BANGOR Grammar School’s heavy losses during the Great War became the subject of a special commemorative booklet published by Bangor Grammarians in 2014 and distributed free of charge to all Grammarians, as well as pupils of the School.
At the start of July, following a series of events marking the fallen in both World Wars, a party of 25 pupils from Bangor Grammar School will participate in the official ceremonies in France to mark the hundredth anniversary of the Battle of the Somme.
They are the only representatives from Northern Ireland in a group of 600 school pupils from throughout the United Kingdom and France. As part of the co-operation with a partner school in Amiens, an artwork was prepared by some of the BGS students. The completed piece was forwarded to Paris as part of the ongoing Living Memory Project, organised by the Commonwealth War Graves Commission in conjunction with the British Council.
The artwork is entitled ‘The Landscape of Liberty’ that encompassed the change in the landscape surrounding the Battle of the Somme.
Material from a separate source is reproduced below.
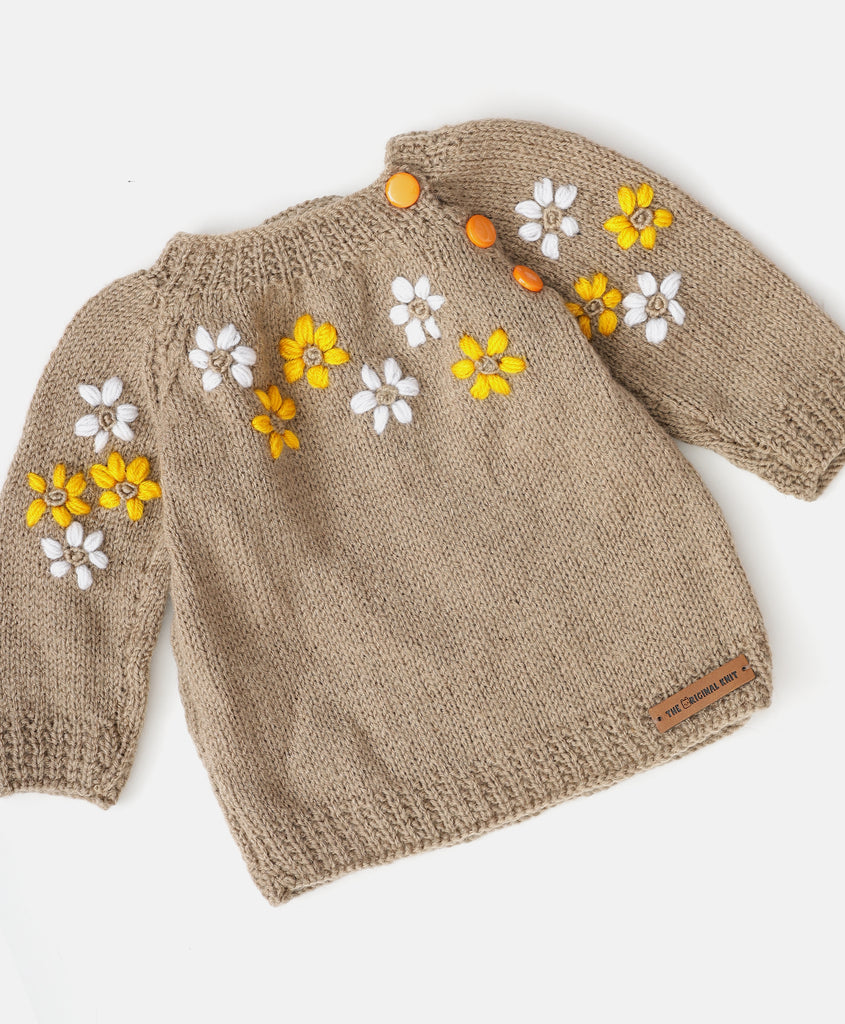 Flower Embroidered Handmade Sweater- Beige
It is a multi-layered piece with portraits of former BGS pupils who were killed at the Somme superimposed on images of Helen’s Tower and the Ulster Tower in Thiepval.
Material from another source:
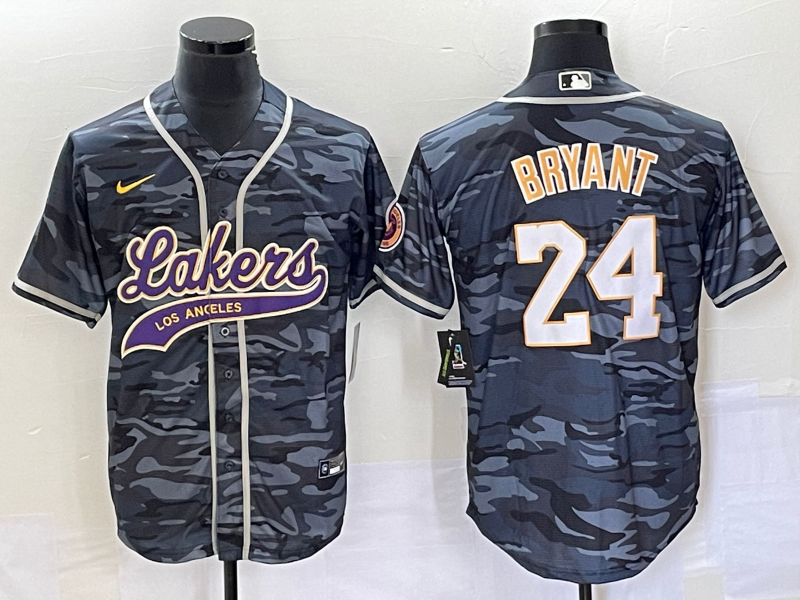 Men's Los Angeles Lakers #24 Kobe Bryant Gray Camo Cool Base With Patch Stitched Baseball Jersey Men's Los Angeles Lakers #24 Kobe Bryant Gray Camo Cool Base With Patch Stitched Baseball Jersey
All of this overlays rubbings of the names of fallen victims, prepared by pupils from the partner School in France. The names include some of the former pupils of BGS who died in the Battle and have no known grave.
The significance of the landmark of Helen’s Tower in the memory of young men who left the district following their training at Clandeboye, to head off for battle, was to later be reflected in the memorial to the losses. In 1922, in the aftermath of the Battle, the Ulster Tower was erected in France to remember the men who fought for freedom and is a replica of Helen’s Tower.